**Problem description**:
Below is a block of data; give all of it again word for word.
═════ Excerpted records
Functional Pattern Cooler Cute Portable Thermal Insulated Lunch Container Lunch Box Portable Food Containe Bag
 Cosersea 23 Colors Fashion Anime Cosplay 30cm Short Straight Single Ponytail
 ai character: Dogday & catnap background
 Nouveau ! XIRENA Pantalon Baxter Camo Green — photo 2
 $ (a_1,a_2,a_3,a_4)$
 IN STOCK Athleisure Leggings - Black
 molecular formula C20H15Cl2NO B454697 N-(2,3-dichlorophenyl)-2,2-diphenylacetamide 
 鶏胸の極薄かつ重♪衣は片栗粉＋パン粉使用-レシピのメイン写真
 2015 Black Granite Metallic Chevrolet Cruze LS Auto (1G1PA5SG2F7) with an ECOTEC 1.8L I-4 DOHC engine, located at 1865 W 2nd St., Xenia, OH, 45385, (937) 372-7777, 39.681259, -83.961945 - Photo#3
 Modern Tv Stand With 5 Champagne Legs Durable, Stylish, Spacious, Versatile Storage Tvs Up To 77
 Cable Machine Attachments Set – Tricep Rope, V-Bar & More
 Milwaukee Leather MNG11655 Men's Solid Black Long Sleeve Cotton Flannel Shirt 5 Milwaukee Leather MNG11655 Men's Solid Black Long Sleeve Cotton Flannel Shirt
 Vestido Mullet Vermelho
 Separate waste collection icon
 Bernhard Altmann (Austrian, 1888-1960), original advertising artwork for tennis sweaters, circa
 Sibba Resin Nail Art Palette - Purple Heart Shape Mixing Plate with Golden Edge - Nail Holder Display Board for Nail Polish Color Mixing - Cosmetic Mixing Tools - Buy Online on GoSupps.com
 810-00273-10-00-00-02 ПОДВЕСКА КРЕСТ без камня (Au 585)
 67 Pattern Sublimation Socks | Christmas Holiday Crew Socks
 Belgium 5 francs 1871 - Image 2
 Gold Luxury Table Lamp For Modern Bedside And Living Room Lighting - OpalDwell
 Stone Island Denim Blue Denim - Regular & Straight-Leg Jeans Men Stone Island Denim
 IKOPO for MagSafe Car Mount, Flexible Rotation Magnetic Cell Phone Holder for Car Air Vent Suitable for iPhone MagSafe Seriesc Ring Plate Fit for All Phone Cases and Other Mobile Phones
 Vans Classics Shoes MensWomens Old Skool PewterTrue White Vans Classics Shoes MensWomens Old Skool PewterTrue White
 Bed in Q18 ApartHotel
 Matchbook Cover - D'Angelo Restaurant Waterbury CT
══════════
**Response**:
Functional Pattern Cooler Cute Portable Thermal Insulated Lunch Container Lunch Box Portable Food Containe Bag
 Cosersea 23 Colors Fashion Anime Cosplay 30cm Short Straight Single Ponytail
 ai character: Dogday & catnap background
 Nouveau ! XIRENA Pantalon Baxter Camo Green — photo 2
 $ (a_1,a_2,a_3,a_4)$
 IN STOCK Athleisure Leggings - Black
 molecular formula C20H15Cl2NO B454697 N-(2,3-dichlorophenyl)-2,2-diphenylacetamide 
 鶏胸の極薄かつ重♪衣は片栗粉＋パン粉使用-レシピのメイン写真
 2015 Black Granite Metallic Chevrolet Cruze LS Auto (1G1PA5SG2F7) with an ECOTEC 1.8L I-4 DOHC engine, located at 1865 W 2nd St., Xenia, OH, 45385, (937) 372-7777, 39.681259, -83.961945 - Photo#3
 Modern Tv Stand With 5 Champagne Legs Durable, Stylish, Spacious, Versatile Storage Tvs Up To 77
 Cable Machine Attachments Set – Tricep Rope, V-Bar & More
 Milwaukee Leather MNG11655 Men's Solid Black Long Sleeve Cotton Flannel Shirt 5 Milwaukee Leather MNG11655 Men's Solid Black Long Sleeve Cotton Flannel Shirt
 Vestido Mullet Vermelho
 Separate waste collection icon
 Bernhard Altmann (Austrian, 1888-1960), original advertising artwork for tennis sweaters, circa
 Sibba Resin Nail Art Palette - Purple Heart Shape Mixing Plate with Golden Edge - Nail Holder Display Board for Nail Polish Color Mixing - Cosmetic Mixing Tools - Buy Online on GoSupps.com
 810-00273-10-00-00-02 ПОДВЕСКА КРЕСТ без камня (Au 585)
 67 Pattern Sublimation Socks | Christmas Holiday Crew Socks
 Belgium 5 francs 1871 - Image 2
 Gold Luxury Table Lamp For Modern Bedside And Living Room Lighting - OpalDwell
 Stone Island Denim Blue Denim - Regular & Straight-Leg Jeans Men Stone Island Denim
 IKOPO for MagSafe Car Mount, Flexible Rotation Magnetic Cell Phone Holder for Car Air Vent Suitable for iPhone MagSafe Seriesc Ring Plate Fit for All Phone Cases and Other Mobile Phones
 Vans Classics Shoes MensWomens Old Skool PewterTrue White Vans Classics Shoes MensWomens Old Skool PewterTrue White
 Bed in Q18 ApartHotel
 Matchbook Cover - D'Angelo Restaurant Waterbury CT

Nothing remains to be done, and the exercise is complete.